Incontestablement, le défi de la fraternité pour lequel se bat sans cesse le Pape François. Ce n’est pas un vain mot. Pour être en fraternité, il faut avoir conscience d’appartenir à un univers commun: la famille, une région, l’espèce humaine. En Méditerranée, nous avons cet univers, façonné par une histoire commune même si elle est chahutée. Et en même temps cet univers est marqué par la fracture des trois monothéismes. L’enjeu est de souhaiter que ce qui peut nous réunir soit plus fort que ce qui nous sépare. La Méditerranée est à la fois un lieu de douceur et de douleur. Nous avons à construire cette fraternité en Méditerranée pour qu’elle rayonne sur le monde entier.
“Ce qui nous réunit doit être plus fort que ce qui nous sépare. La Méditerranée est à la fois un lieu de douceur et de douleur.”
-Comment percevez-vous cette démarche du Pape François d’insister sur le rôle prophétique de la Méditerranée et sur la théologie de la Méditerranée?

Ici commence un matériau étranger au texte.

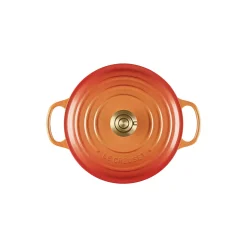 Le Creuset Rund Jubilæumsgryde Ø 24 cm, flamme dorée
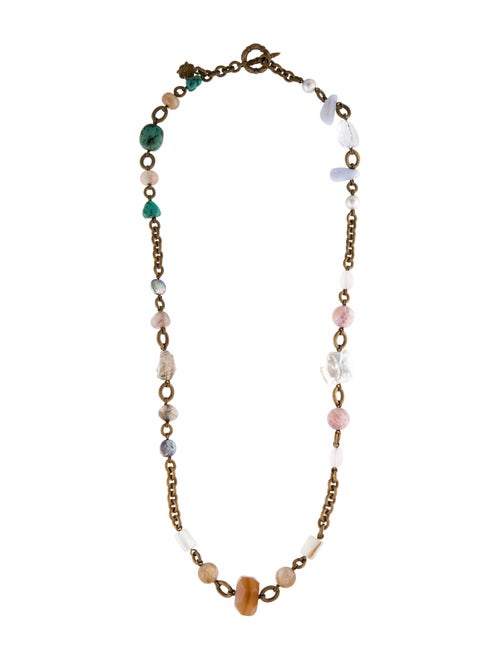 Stephen Dweck Pearl & Multi Stone Collar Necklace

Ce Pape venu d’Argentine, d’un autre monde, qui n’a pas eu d’imprégnation profonde avec le monde musulman, multiplie les gestes de fraternité islamo-chrétiens. Quelque chose se joue véritablement là. Car la relation entre chrétiens et musulmans est distincte et différente du «choc des civilisations» entre l’Occident et le monde arabo-musulman. Nous pouvons nous reconnaître croyants et faire avancer la fraternité, j’y crois beaucoup car c’est ce que nous vivons à notre échelle, et parfois à contre-courant en Algérie et dans le Maghreb. C’est tout le sens de notre témoignage.